Outsourcing (or contracting out) is often defined as the delegation of non-core operations or jobs from internal production within a business to an external entity (such as a subcontractor) that specializes in that operation. Outsourcing is a business decision that is often made to lower costs or focus on core competences. A related term, offshoring, means transferring work to another country, typically overseas. Offshoring is similar to outsourcing when companies hire overseas subcontractors, but differs when companies transfer work to the same company in another country. Outsourcing became a popular buzzword in business and management in the 1990s. EDS was the first company to establish the outsourcing business.

Outsourcing is defined as the management and/or day-to-day execution of an entire business function by a third party service provider.
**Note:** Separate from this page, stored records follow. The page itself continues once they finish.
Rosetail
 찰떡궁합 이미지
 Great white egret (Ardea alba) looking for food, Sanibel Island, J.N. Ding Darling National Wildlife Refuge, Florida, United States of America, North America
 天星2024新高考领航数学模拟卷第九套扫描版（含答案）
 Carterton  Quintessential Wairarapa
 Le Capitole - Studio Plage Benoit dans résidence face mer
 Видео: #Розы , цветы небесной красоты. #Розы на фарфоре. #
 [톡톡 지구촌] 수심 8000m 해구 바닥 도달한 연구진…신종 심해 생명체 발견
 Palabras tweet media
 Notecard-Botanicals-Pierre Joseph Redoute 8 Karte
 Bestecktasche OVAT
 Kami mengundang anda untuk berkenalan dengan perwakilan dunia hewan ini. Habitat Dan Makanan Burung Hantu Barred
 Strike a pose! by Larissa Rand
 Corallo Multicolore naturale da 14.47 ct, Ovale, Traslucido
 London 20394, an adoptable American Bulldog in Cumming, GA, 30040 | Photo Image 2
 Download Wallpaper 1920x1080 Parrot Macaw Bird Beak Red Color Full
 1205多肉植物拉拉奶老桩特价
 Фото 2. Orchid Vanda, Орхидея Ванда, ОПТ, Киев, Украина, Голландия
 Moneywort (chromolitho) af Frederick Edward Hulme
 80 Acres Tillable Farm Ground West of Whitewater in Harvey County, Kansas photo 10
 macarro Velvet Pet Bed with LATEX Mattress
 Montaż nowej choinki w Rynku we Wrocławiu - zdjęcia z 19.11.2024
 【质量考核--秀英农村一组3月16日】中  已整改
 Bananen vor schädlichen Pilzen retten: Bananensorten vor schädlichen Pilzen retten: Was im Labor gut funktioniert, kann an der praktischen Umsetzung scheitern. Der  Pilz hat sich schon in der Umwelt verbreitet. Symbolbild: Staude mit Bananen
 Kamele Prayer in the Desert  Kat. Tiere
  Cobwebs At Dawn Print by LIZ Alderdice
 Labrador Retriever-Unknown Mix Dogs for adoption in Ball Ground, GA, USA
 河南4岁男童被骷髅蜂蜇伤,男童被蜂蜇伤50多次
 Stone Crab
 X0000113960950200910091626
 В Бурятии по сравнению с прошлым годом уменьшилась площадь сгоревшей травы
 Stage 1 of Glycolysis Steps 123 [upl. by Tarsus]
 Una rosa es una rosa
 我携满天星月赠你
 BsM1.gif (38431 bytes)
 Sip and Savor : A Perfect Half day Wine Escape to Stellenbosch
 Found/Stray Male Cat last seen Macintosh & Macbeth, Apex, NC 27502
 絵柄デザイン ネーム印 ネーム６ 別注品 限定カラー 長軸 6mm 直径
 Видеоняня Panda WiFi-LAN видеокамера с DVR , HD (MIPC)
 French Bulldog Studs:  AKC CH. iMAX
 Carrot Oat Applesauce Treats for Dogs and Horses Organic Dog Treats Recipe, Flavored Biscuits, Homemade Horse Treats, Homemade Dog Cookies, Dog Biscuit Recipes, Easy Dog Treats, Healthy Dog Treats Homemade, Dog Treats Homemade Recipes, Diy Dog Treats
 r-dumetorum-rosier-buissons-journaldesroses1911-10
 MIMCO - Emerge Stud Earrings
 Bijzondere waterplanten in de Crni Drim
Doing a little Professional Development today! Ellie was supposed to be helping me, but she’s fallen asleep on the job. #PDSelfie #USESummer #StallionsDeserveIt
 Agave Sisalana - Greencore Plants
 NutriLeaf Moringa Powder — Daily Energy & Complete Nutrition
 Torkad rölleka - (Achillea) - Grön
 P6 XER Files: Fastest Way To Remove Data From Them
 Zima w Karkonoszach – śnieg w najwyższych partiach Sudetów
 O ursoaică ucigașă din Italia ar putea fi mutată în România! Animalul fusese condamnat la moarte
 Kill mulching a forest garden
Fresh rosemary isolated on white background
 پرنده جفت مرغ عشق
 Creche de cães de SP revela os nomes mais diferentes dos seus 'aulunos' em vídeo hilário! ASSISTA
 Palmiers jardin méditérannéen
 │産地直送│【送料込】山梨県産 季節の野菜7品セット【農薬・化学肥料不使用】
Outsourcing and/or out-tasking involve transferring a significant amount of management control to the supplier. Buying products from another entity is not outsourcing or out-tasking, but merely a vendor relationship. Likewise, buying services from a provider is not necessarily outsourcing or out-tasking. Outsourcing always involves a considerable degree of two-way information exchange, co-ordination, and trust.

Organizations that deliver such services feel that outsourcing requires the turning over of management responsibility for running a segment of business. In theory, this business segment should not be mission-critical, but practice often dictates otherwise. Many companies look to employ expert organizations in the areas targeted for outsourcing. Business segments typically outsourced include Information Technology, Human Resources, Facilities and Real Estate Management and Accounting. Many companies also outsource customer support and call center functions, manufacturing and engineering. Outsourcing business is characterized by expertise not inherent to the core of the client organization.

The overhead costs of customer service are typically less where outsourcing has been used, leading to many companies, from utilities to manufacturers, closing their in-house customer relations departments and outsourcing their customer service to third party call centers. The logical extension of these decisions was of outsourcing labor overseas to countries with lower labor costs, this trend is often referred to as offshoring of customer service.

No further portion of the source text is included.